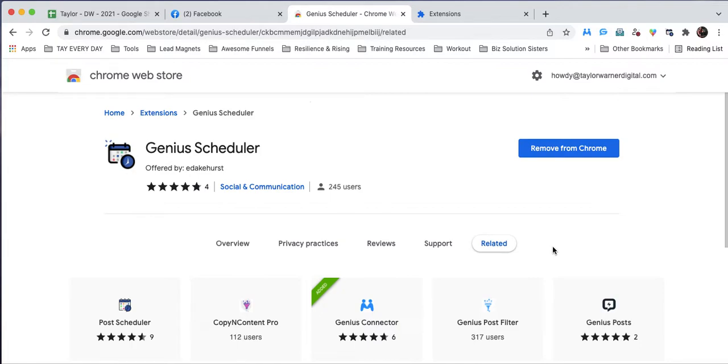So you've purchased the tool, awesome, congratulations, now what? The first thing we want to do is download the tool.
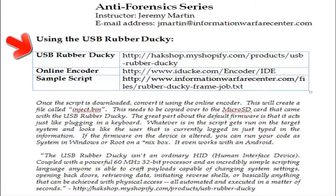Good morning. Welcome to another episode of Cyber Secrets. In this episode, we're going to be talking about the USB rubber ducky and how it can be used for anti-forensics.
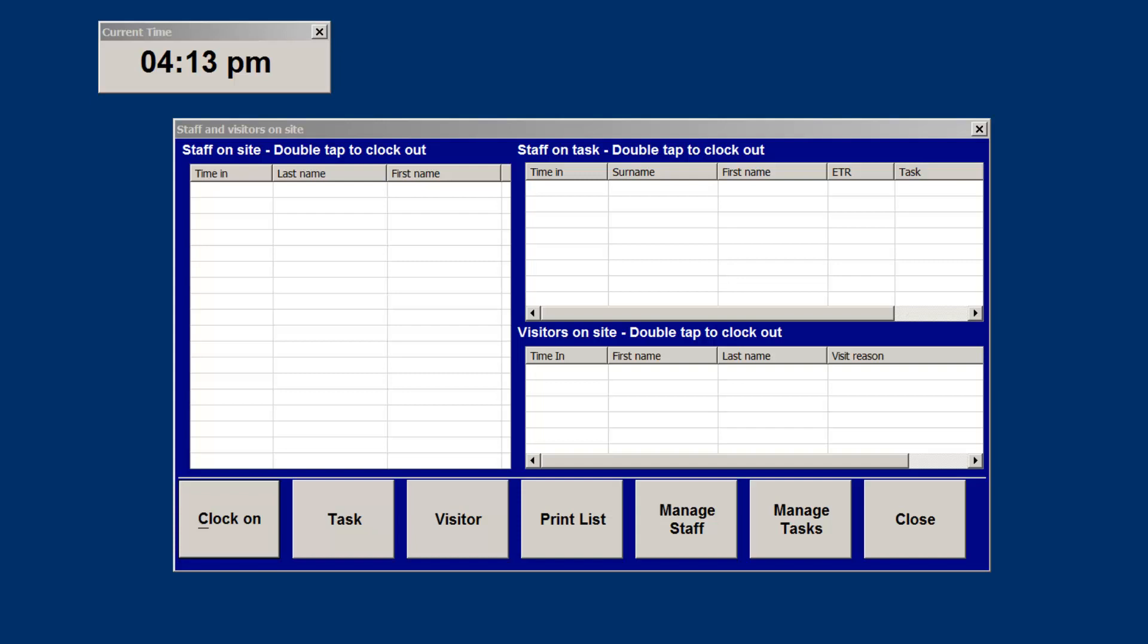This video will be demonstrating a site emergency tracking system that has been created using Alpha 5. Before continuing, there are a number of characteristics and features to consider that are built within this program.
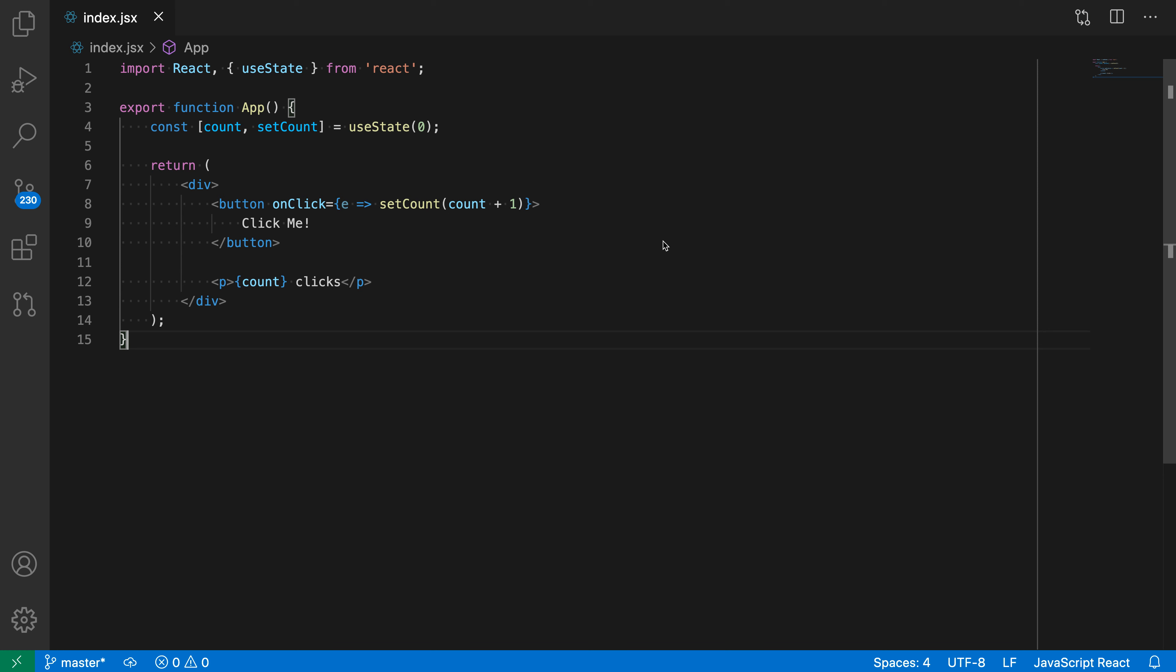Notice that the onclick callback here is just using a single statement. So if we wanted to perform a more complex operation, maybe make multiple function calls or log something here, we'd actually need to convert this arrow function to use braces for the body.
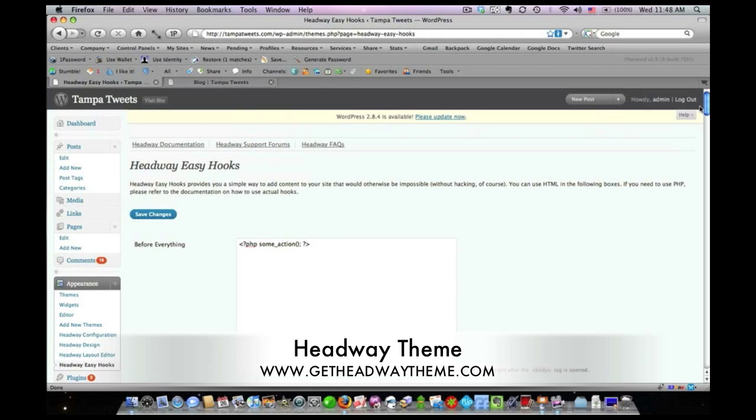So that's basically the basics of Headway. I just wanted to show you what the inside of it looks like. And I think that if you are not a coder, which, face it, most bloggers are not, but yet you want to have a lot of control over the look and feel of your blog, then I do recommend you check out Headway. Thank you.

* _Work to be completed_
Every entry belongs in the answer exactly as written, but no picture does.

* _Task response_
So you've purchased the tool, awesome, congratulations, now what? The first thing we want to do is download the tool.
Good morning. Welcome to another episode of Cyber Secrets. In this episode, we're going to be talking about the USB rubber ducky and how it can be used for anti-forensics.
This video will be demonstrating a site emergency tracking system that has been created using Alpha 5. Before continuing, there are a number of characteristics and features to consider that are built within this program.
Notice that the onclick callback here is just using a single statement. So if we wanted to perform a more complex operation, maybe make multiple function calls or log something here, we'd actually need to convert this arrow function to use braces for the body.
So that's basically the basics of Headway. I just wanted to show you what the inside of it looks like. And I think that if you are not a coder, which, face it, most bloggers are not, but yet you want to have a lot of control over the look and feel of your blog, then I do recommend you check out Headway. Thank you.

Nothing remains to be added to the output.